Start of Stored data

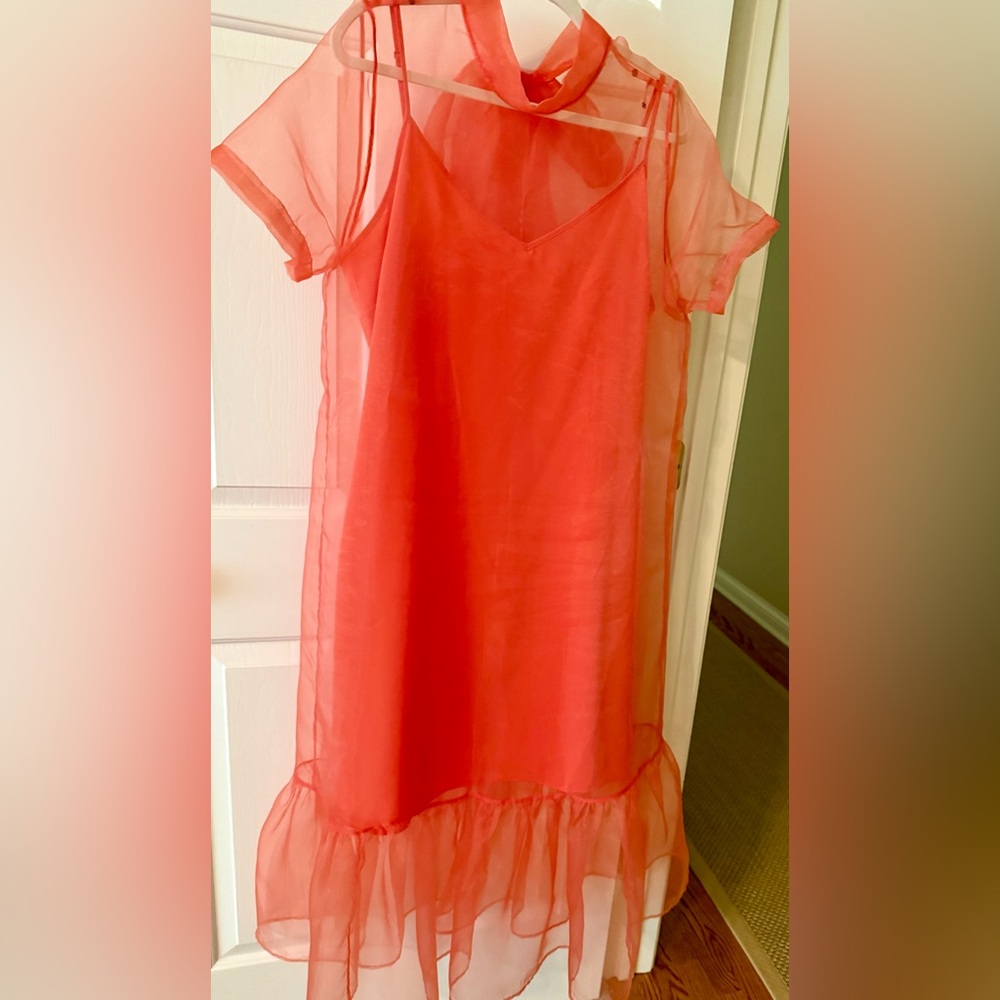 BHLDN Charlotte Short-Sleeve Organza Midi Dress size XL
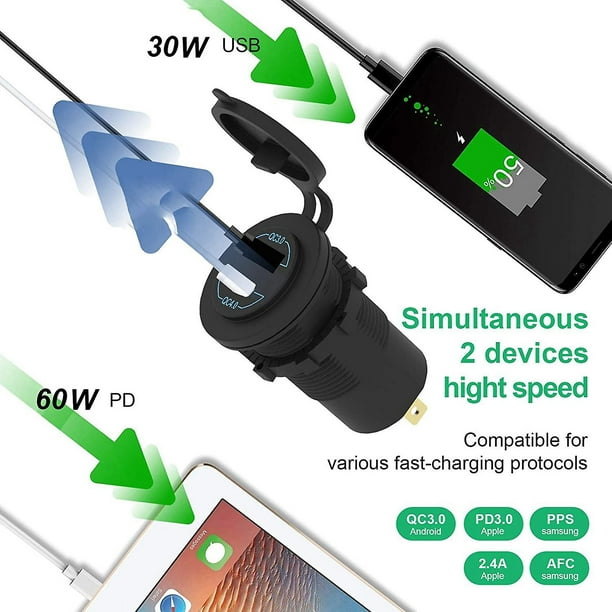 Quick Charge 4.0 Pd Qc 3.0 Usb Car Charger 12v 24v 60w Usb Outlet 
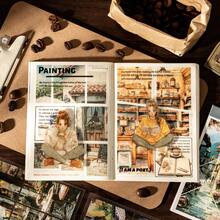 Tomato-jam Girl 1 本书 30 张复古风格咖啡店主题贴纸书籍剪贴装饰剪贴簿 DIY 拼贴卡片标签装饰剪贴簿艺术日记个性化笔记本素描本办公室和学校用品、学校用品、返校 - 1本 - 查看 4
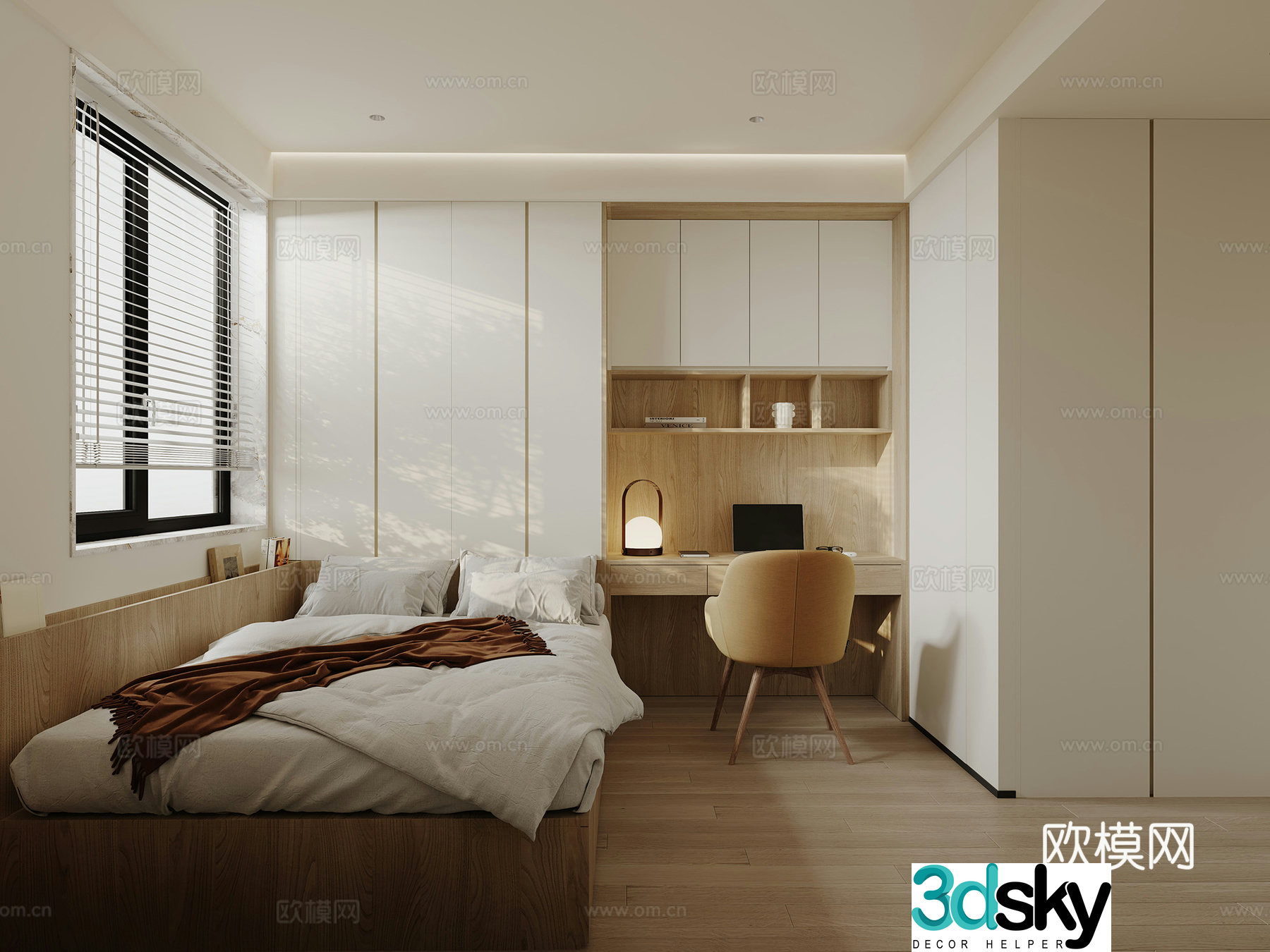 Modern tatami bedroom 3d model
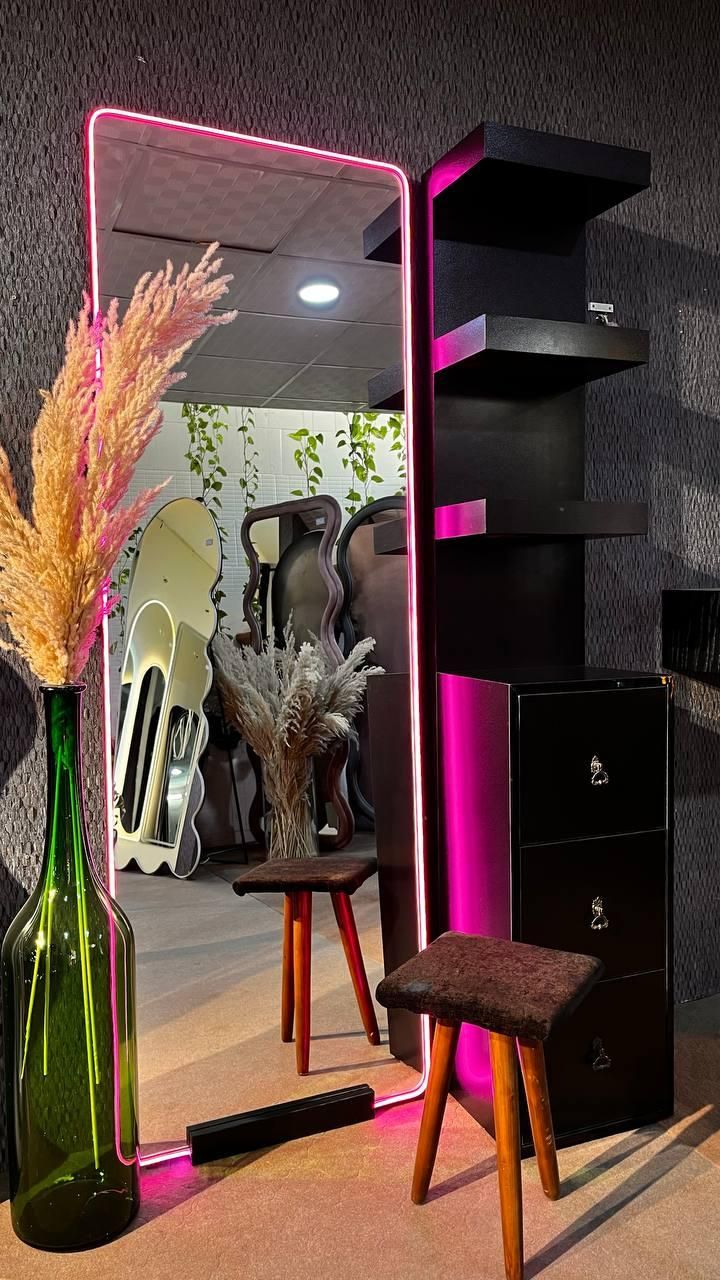 ست آینه قدی ایستاده نور نئون و کنسول طرح بهار|آینه|مشهد, کشف|دیوار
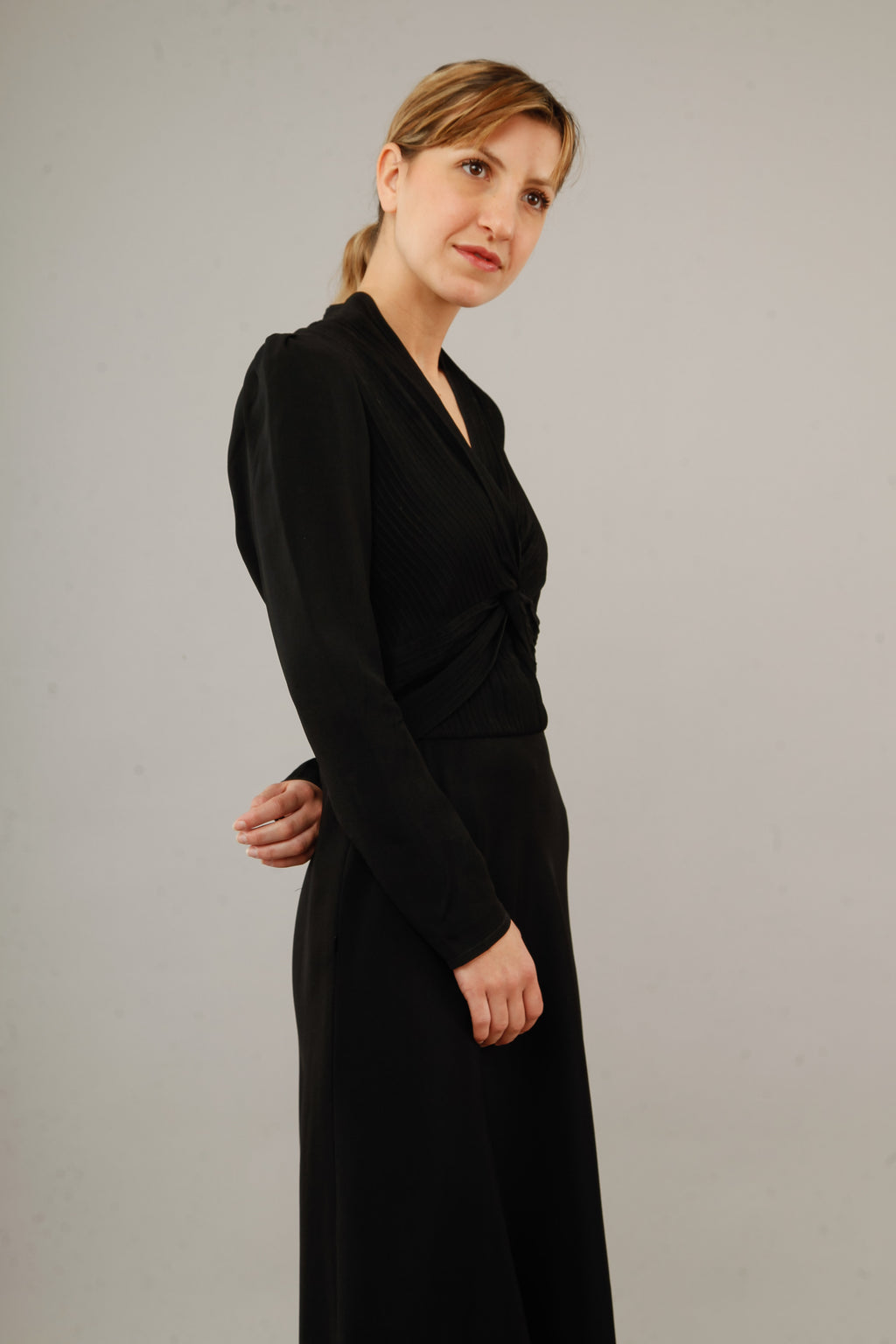 1940 Black Dress with Pintuck Details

End of Stored data

Problem statement
Find the line that contains "Tomato-jam Girl 1", then write out that line and each one after it, exactly and with nothing else, through the end of the entries above, without the pictures.

Exercise answer
 Tomato-jam Girl 1 本书 30 张复古风格咖啡店主题贴纸书籍剪贴装饰剪贴簿 DIY 拼贴卡片标签装饰剪贴簿艺术日记个性化笔记本素描本办公室和学校用品、学校用品、返校 - 1本 - 查看 4
 Modern tatami bedroom 3d model
 ست آینه قدی ایستاده نور نئون و کنسول طرح بهار|آینه|مشهد, کشف|دیوار
 1940 Black Dress with Pintuck Details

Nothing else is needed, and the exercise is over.